Here is a listing, set out below; repeat its lines from the one with "Princess Short Puff" to the last, both included, and leave out the pictures.

'''

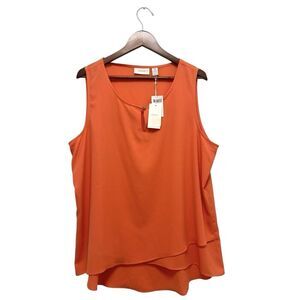 Chicos Tiered Aimee Sleeveless Tank Top Blouse Sundrenched Orange Women’s Size 3
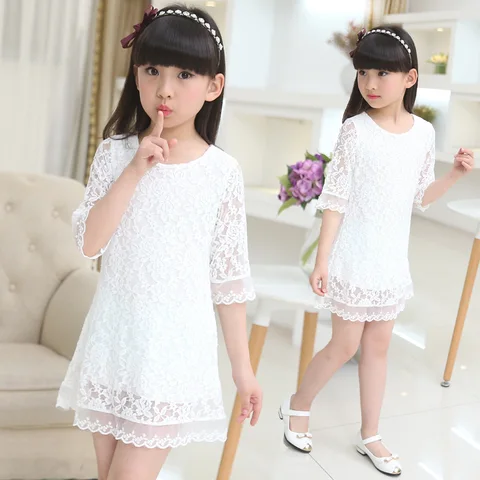 Vestido de Renda Vestido de Princesa Anos de Idade do Bebê Roupas de Menina Crianças 2018 Novo Verão Outono Tamanho Grande Branco Meninas 3 4 6 8 10 12 14 16 18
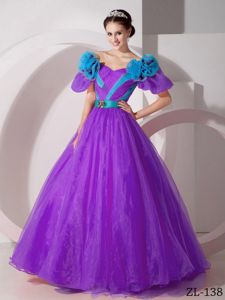 Princess Short Puff Sleeves Two-toned Quinceanera Gown Dress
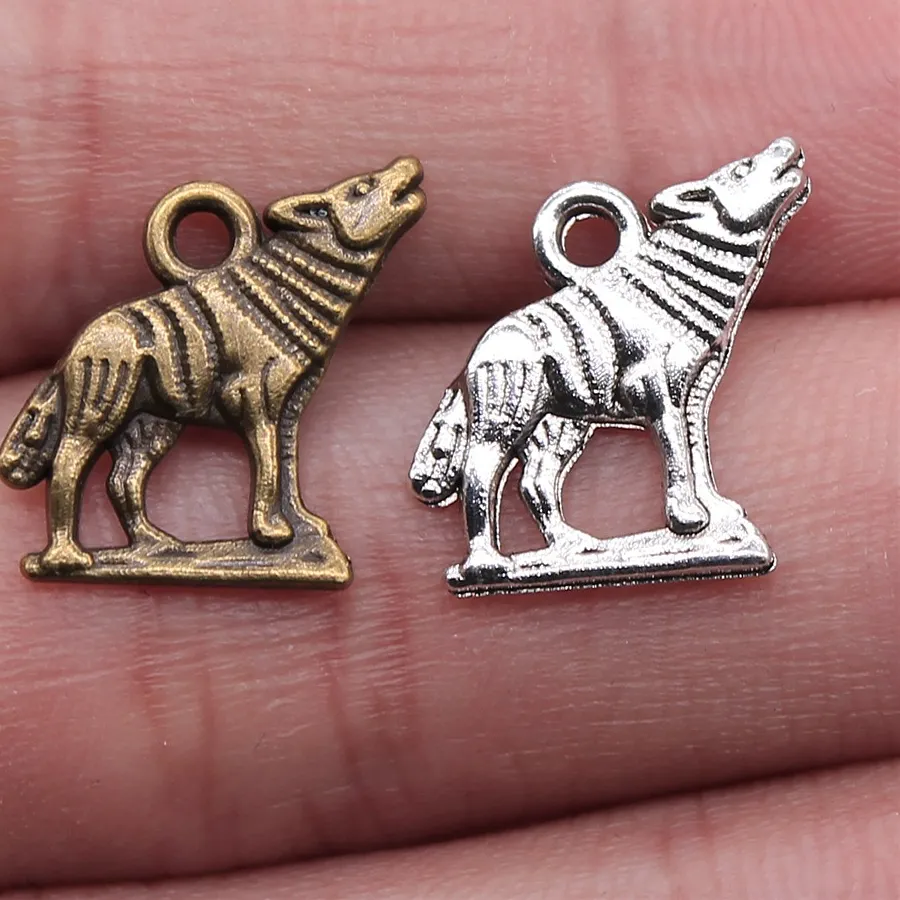 Authentic WYSIWYG 20pcs 15x15mm Charm Howl Wolf Howl Wolf Charms For Jewelry Making Antique Silver Color Wolf Charms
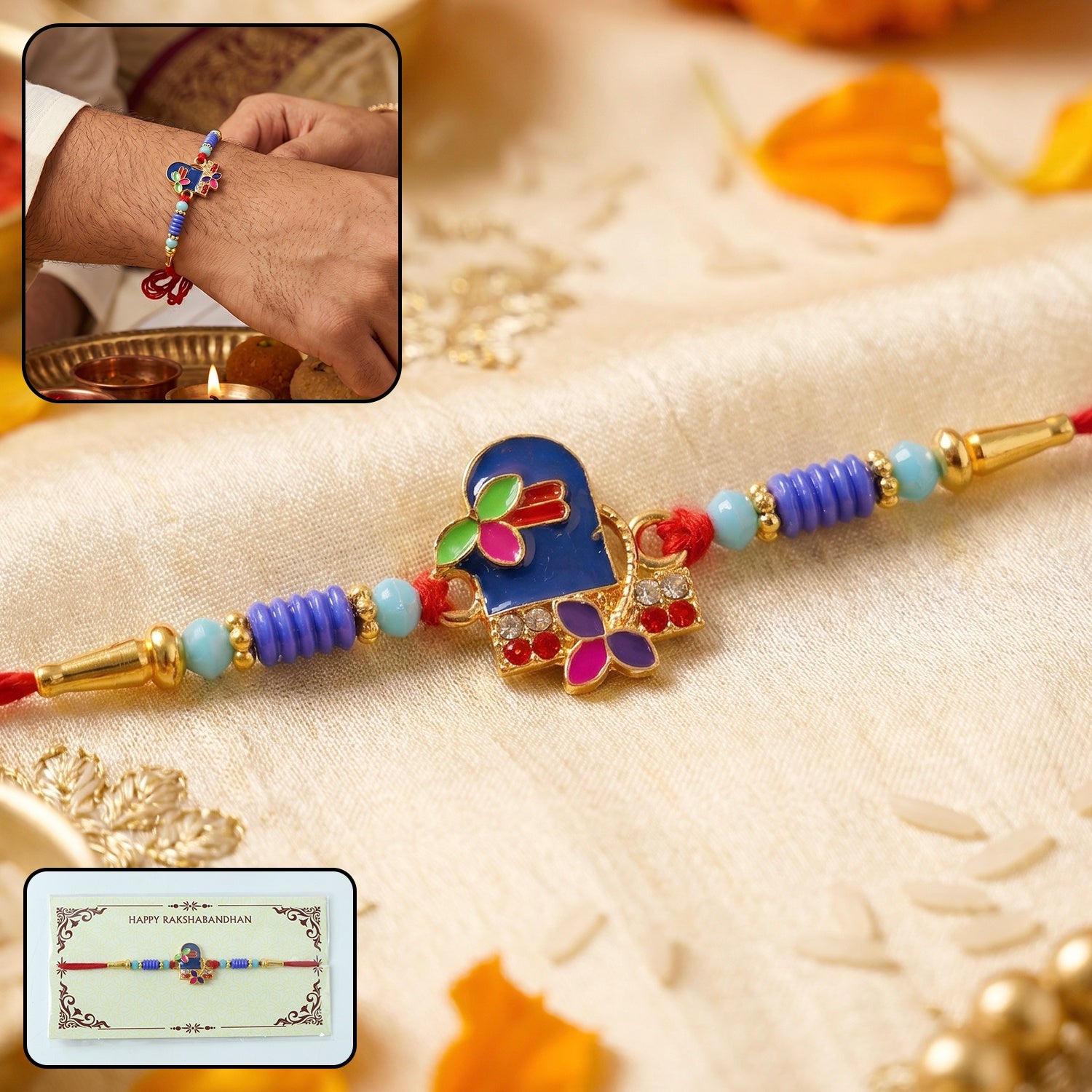Royal Blue Shiv Rakhi – Designer Rakshabandhan Thread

'''

**Exercise result:**
 Princess Short Puff Sleeves Two-toned Quinceanera Gown Dress
 Authentic WYSIWYG 20pcs 15x15mm Charm Howl Wolf Howl Wolf Charms For Jewelry Making Antique Silver Color Wolf Charms
Royal Blue Shiv Rakhi – Designer Rakshabandhan Thread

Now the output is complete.